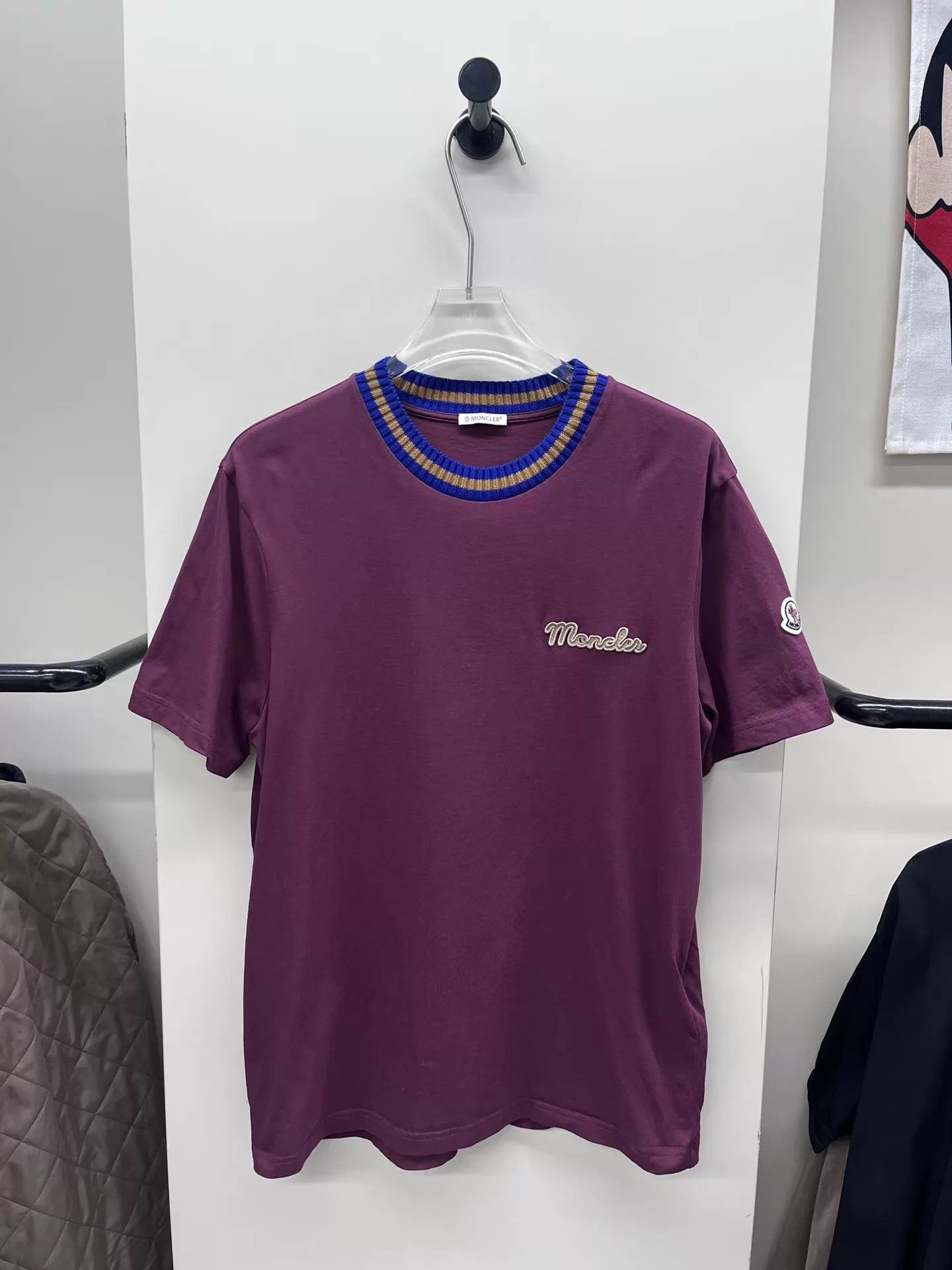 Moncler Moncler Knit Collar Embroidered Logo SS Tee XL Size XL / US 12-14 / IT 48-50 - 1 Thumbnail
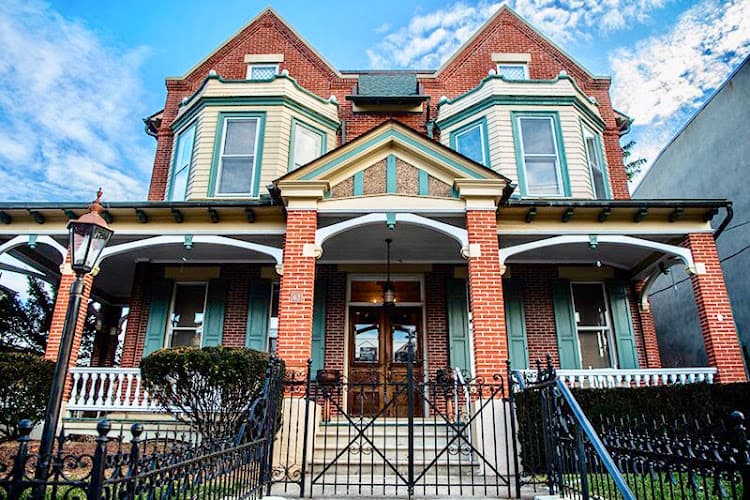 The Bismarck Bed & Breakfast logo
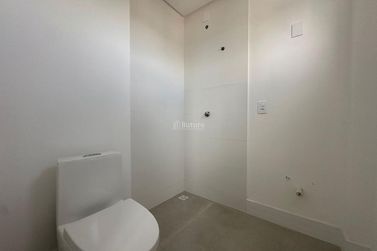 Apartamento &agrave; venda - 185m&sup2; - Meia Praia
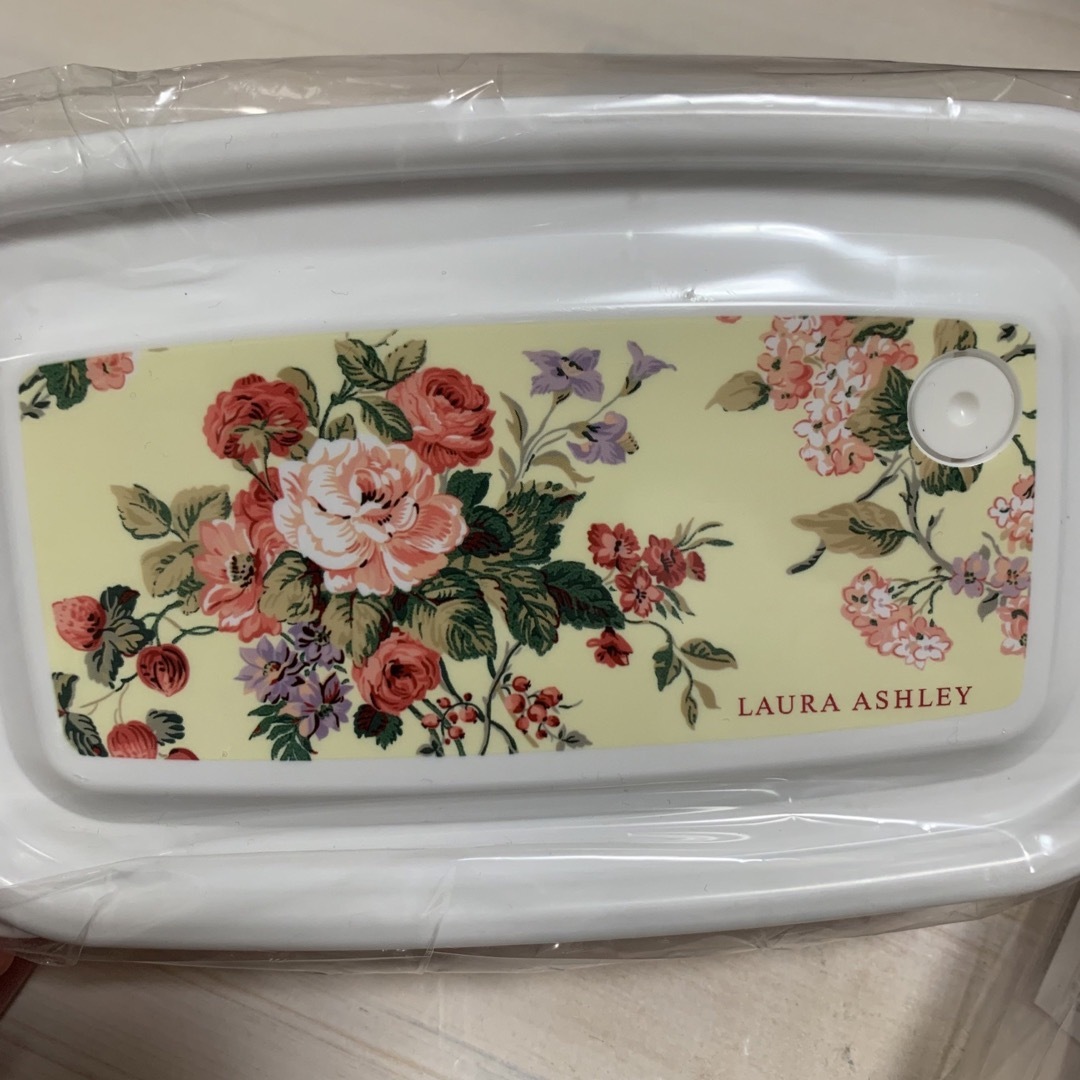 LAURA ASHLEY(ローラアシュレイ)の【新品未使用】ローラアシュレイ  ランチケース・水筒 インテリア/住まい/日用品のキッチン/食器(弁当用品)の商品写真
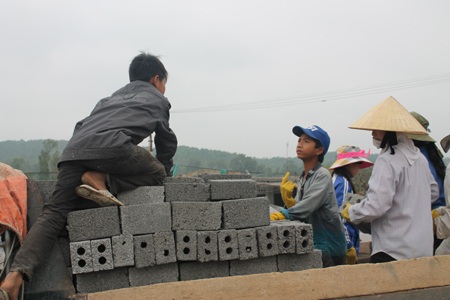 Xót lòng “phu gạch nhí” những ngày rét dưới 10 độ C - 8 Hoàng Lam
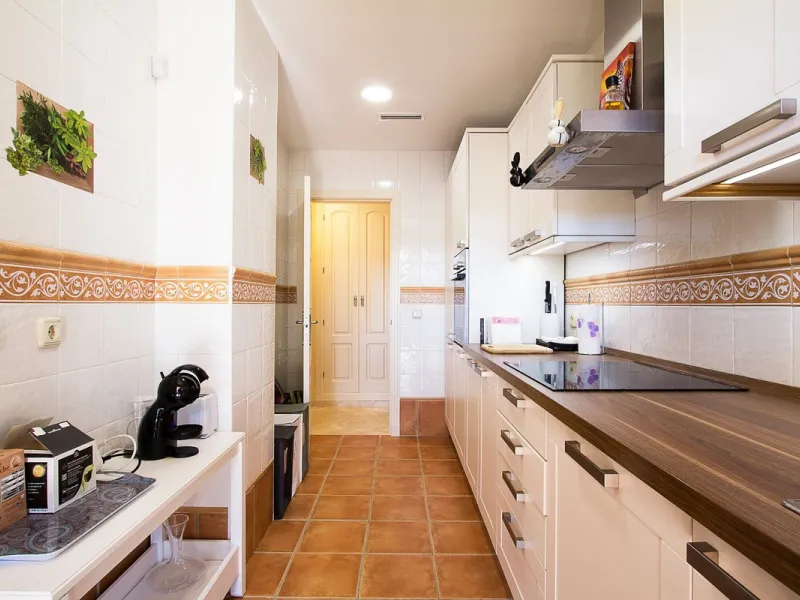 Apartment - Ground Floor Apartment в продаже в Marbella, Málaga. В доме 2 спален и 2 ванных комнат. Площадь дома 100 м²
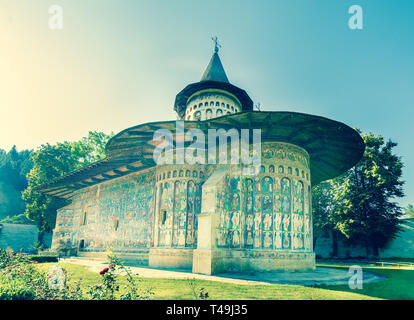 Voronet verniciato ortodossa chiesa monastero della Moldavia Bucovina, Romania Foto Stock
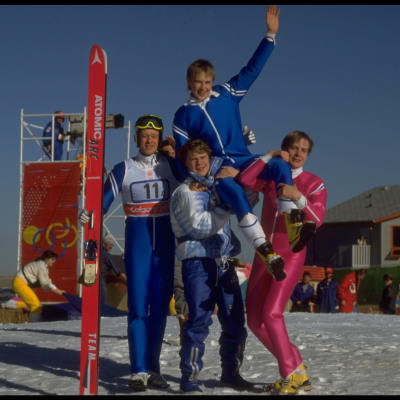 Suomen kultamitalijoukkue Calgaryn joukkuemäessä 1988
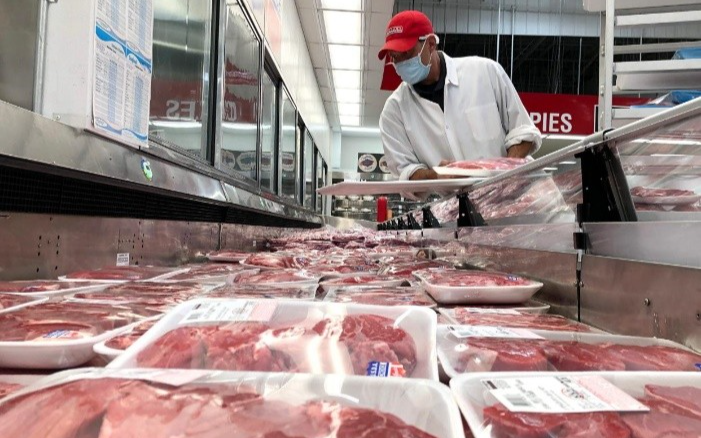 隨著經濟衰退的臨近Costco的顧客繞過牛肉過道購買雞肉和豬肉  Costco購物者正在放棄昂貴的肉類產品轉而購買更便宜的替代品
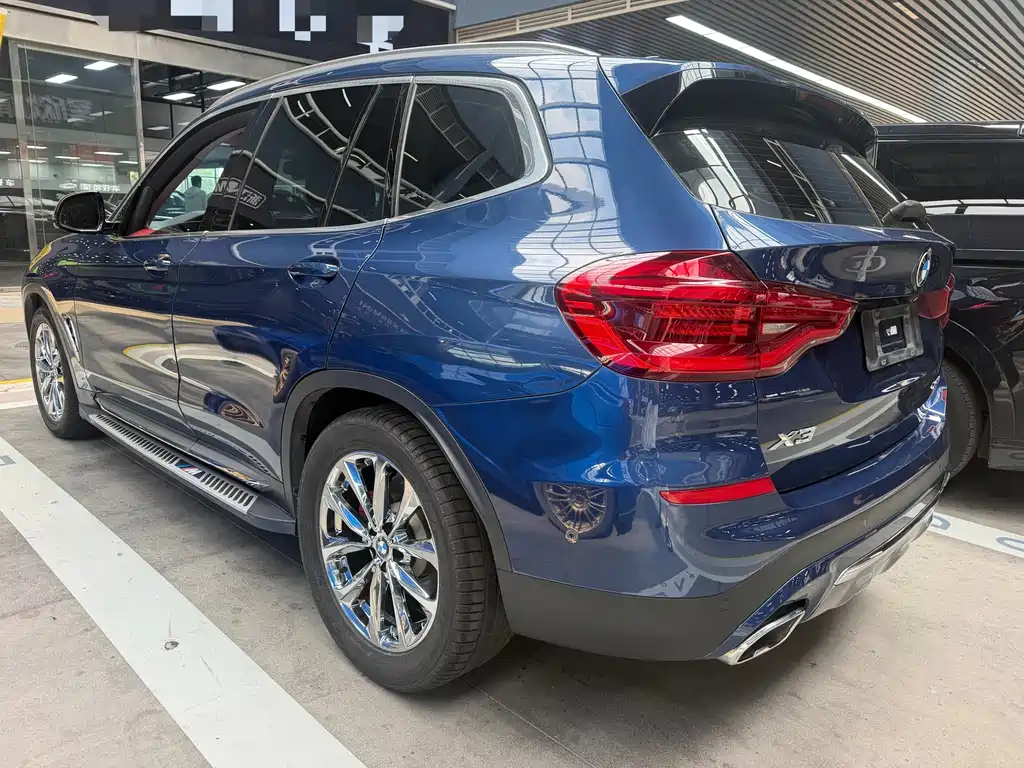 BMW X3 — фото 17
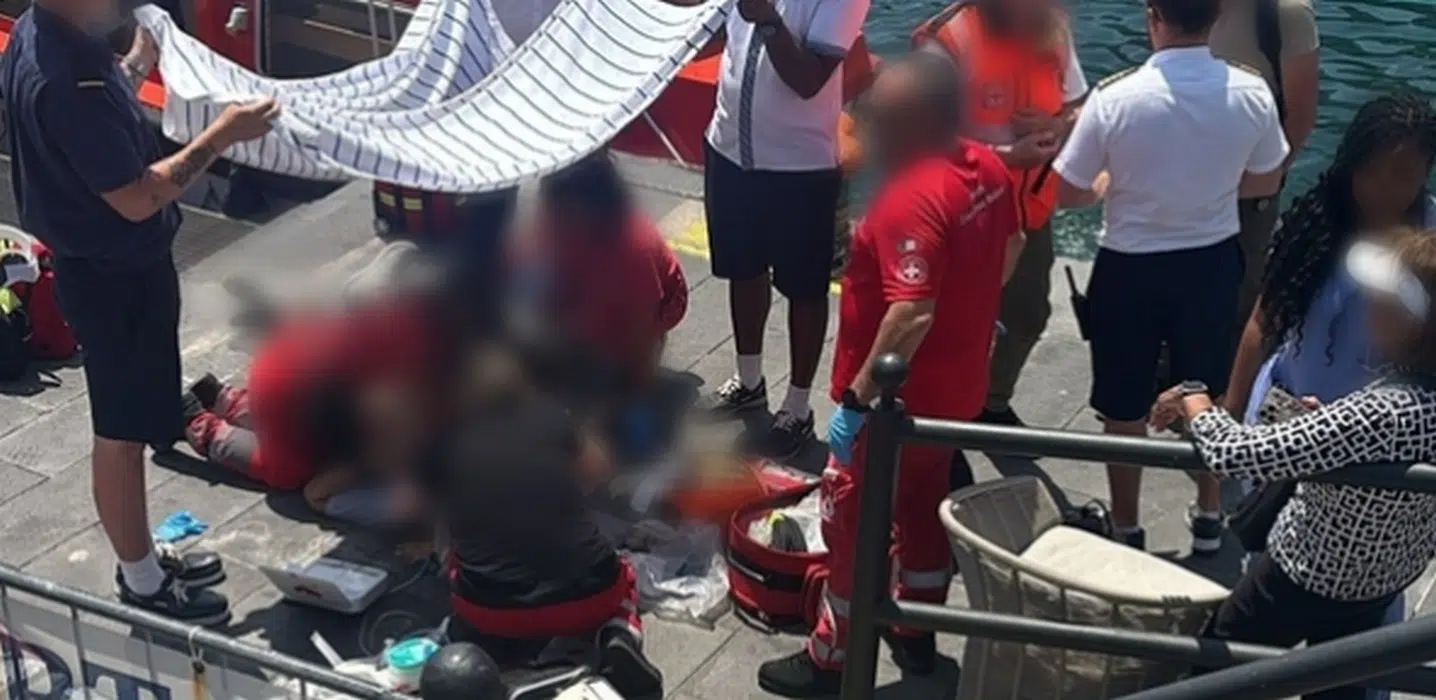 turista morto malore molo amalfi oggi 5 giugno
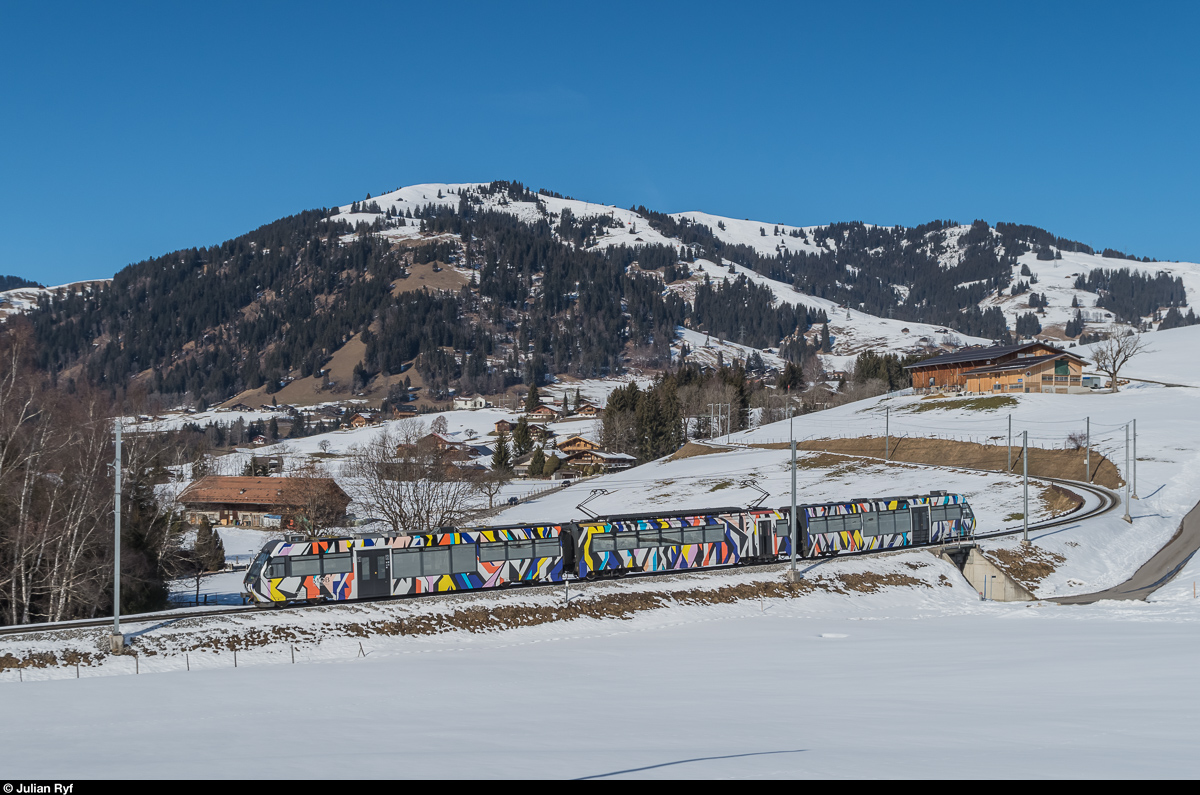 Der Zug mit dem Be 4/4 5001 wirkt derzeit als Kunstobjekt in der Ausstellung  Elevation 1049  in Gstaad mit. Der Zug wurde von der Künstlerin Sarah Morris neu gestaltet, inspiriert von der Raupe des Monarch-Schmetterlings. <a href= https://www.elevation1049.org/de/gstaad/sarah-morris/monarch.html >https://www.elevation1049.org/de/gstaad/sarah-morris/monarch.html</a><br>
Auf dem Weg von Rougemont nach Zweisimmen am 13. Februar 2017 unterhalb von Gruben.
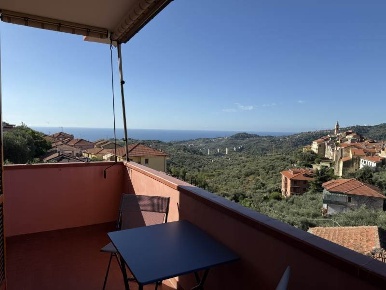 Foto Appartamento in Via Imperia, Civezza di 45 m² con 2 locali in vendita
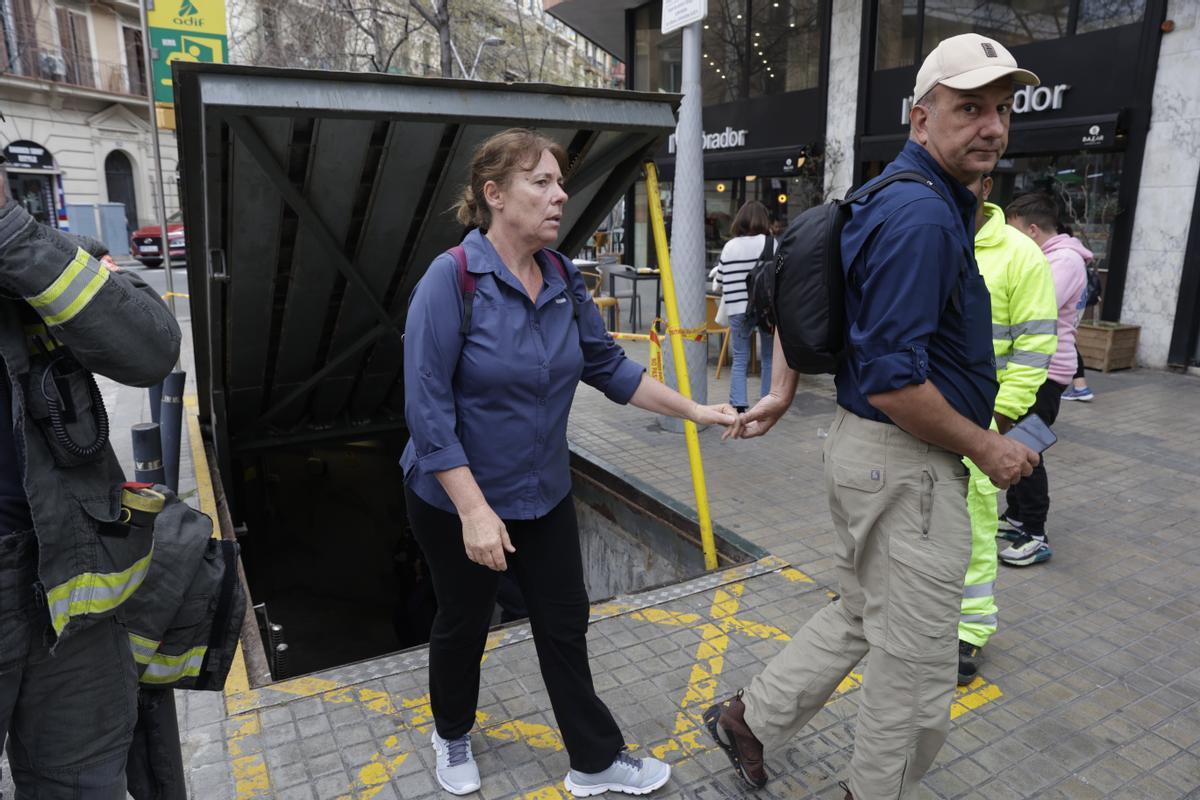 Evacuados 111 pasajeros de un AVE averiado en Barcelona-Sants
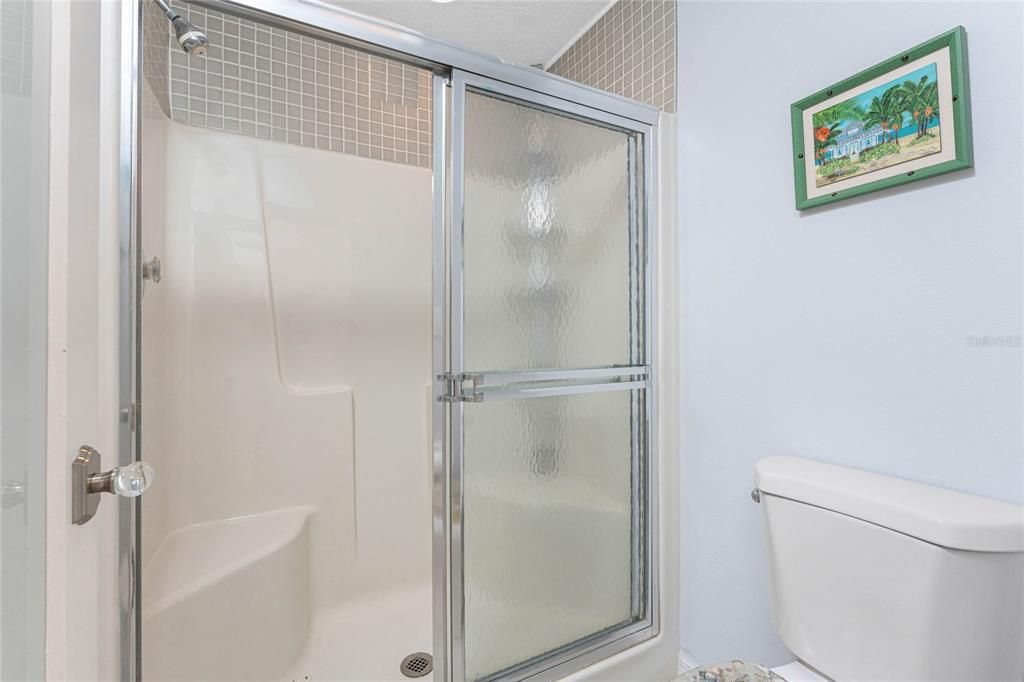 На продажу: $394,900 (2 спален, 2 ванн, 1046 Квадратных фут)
== == ==
Exercise objective => Output only the lines running from the top of the data above to the line with "turista morto malore", inclusive, word for word and without pictures.

Response to this exercise =>
 Moncler Moncler Knit Collar Embroidered Logo SS Tee XL Size XL / US 12-14 / IT 48-50 - 1 Thumbnail
 The Bismarck Bed & Breakfast logo
 Apartamento &agrave; venda - 185m&sup2; - Meia Praia
 LAURA ASHLEY(ローラアシュレイ)の【新品未使用】ローラアシュレイ  ランチケース・水筒 インテリア/住まい/日用品のキッチン/食器(弁当用品)の商品写真
 Xót lòng “phu gạch nhí” những ngày rét dưới 10 độ C - 8 Hoàng Lam
 Apartment - Ground Floor Apartment в продаже в Marbella, Málaga. В доме 2 спален и 2 ванных комнат. Площадь дома 100 м²
 Voronet verniciato ortodossa chiesa monastero della Moldavia Bucovina, Romania Foto Stock
 Suomen kultamitalijoukkue Calgaryn joukkuemäessä 1988
 隨著經濟衰退的臨近Costco的顧客繞過牛肉過道購買雞肉和豬肉  Costco購物者正在放棄昂貴的肉類產品轉而購買更便宜的替代品
 BMW X3 — фото 17
 turista morto malore molo amalfi oggi 5 giugno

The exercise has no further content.